Photo Essay Two: Interior Views of the Nauvoo Temple
Joseph said, “If men do not comprehend the character of God, they do not comprehend themselves.” With his visions and heavenly instruction, he came before an unbelieving world with boundless riches in his hands, new vistas of comprehension.
Joseph once said, with a bit of irony, that if he were a false teacher, he could “be hailed as a friend, and no man would seek my life.” He had instead the burden of being a prophet, teaching in a simple, straightforward, noble manner that left no room for contention
To the Saints he asked, “What is the object of our coming into existence, then dying and falling away, to be here no more? It is but reasonable to suppose that God would reveal something in reference to the matter. . . . Reading the experience of others, or the revelation given to them, can never give us a comprehensive view of our condition and true relation to God. . . . Could you gaze into heaven five minutes, you would know more than you would by reading all that ever was written on the subject.

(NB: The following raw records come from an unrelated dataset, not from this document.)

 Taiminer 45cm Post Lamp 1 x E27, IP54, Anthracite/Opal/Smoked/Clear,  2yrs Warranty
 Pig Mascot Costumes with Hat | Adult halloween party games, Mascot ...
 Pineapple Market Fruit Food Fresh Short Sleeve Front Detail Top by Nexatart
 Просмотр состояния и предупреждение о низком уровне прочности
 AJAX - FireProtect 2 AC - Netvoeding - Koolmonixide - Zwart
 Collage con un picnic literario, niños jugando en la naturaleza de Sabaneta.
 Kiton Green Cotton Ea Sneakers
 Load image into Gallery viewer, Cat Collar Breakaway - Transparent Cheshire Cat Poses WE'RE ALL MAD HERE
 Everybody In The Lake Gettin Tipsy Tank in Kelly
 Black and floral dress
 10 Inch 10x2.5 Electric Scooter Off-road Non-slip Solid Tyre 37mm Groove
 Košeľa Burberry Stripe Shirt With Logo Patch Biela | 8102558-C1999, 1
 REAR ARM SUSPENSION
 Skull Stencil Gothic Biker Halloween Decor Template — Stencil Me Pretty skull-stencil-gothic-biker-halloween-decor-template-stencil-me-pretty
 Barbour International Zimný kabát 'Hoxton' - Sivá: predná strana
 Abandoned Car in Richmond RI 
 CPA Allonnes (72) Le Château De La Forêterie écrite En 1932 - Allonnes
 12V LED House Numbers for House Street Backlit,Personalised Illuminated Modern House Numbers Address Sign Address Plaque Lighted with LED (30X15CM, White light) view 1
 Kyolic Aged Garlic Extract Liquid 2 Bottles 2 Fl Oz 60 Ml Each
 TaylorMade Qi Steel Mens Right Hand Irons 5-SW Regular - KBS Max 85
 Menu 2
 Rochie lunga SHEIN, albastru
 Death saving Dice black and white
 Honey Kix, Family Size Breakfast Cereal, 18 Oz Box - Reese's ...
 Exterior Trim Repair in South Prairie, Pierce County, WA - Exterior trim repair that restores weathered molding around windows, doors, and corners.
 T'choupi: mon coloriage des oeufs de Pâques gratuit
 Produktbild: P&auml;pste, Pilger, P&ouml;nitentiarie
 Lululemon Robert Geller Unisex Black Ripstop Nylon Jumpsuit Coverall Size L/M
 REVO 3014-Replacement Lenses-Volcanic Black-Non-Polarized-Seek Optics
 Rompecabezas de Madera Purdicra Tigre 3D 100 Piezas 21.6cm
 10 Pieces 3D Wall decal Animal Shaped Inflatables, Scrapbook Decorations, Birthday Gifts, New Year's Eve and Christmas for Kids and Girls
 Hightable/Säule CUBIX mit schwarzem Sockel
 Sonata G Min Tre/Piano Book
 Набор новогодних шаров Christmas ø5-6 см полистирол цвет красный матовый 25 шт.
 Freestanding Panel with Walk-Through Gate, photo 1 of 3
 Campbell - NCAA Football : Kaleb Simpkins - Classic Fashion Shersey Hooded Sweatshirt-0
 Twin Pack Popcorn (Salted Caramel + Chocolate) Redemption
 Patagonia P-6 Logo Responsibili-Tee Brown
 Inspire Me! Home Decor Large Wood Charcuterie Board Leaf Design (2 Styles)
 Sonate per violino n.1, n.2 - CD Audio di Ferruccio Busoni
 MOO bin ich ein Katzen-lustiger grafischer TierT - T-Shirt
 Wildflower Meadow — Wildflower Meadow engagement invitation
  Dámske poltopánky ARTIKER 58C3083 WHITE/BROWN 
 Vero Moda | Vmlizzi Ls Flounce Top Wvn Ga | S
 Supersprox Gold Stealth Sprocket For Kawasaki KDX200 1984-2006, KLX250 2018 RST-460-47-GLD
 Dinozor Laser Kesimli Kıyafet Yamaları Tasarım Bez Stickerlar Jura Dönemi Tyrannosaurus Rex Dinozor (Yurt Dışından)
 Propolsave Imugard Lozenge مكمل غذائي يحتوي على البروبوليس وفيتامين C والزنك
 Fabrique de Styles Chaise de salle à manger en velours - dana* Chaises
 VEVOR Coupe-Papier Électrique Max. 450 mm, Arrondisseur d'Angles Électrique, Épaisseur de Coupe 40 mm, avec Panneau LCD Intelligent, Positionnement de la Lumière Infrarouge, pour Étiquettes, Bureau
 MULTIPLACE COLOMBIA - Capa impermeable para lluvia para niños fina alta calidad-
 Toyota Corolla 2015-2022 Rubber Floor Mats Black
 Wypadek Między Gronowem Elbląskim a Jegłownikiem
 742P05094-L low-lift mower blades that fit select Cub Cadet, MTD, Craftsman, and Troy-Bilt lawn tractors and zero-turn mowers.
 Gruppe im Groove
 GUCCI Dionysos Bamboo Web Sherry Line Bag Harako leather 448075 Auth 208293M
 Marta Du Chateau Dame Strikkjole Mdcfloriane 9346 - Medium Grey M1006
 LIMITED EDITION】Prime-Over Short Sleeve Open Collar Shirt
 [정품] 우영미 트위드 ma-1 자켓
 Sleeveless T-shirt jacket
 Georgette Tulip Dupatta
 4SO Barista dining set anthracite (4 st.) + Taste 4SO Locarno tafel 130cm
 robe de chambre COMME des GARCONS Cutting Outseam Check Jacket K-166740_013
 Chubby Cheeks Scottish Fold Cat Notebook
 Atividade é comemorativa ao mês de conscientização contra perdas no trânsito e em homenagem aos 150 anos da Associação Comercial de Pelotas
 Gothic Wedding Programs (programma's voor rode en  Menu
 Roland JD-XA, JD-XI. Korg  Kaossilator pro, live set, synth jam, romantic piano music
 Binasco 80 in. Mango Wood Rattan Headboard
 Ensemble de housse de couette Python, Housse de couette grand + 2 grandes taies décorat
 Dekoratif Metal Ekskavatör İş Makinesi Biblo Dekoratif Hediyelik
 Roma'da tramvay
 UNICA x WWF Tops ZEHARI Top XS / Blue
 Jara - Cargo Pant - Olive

When asked what was unique about Mormonism, he replied that it is the “pure doctrine of Jesus Christ; of which I myself am not ashamed.” When Martin Van Buren, then president of the United States, asked how this gospel differed from other religions of the day, Joseph said: “We differed in mode of baptism, and the gift of the Holy Ghost by the laying on of hands. We considered that all other considerations were contained in the gift of the Holy Ghost.”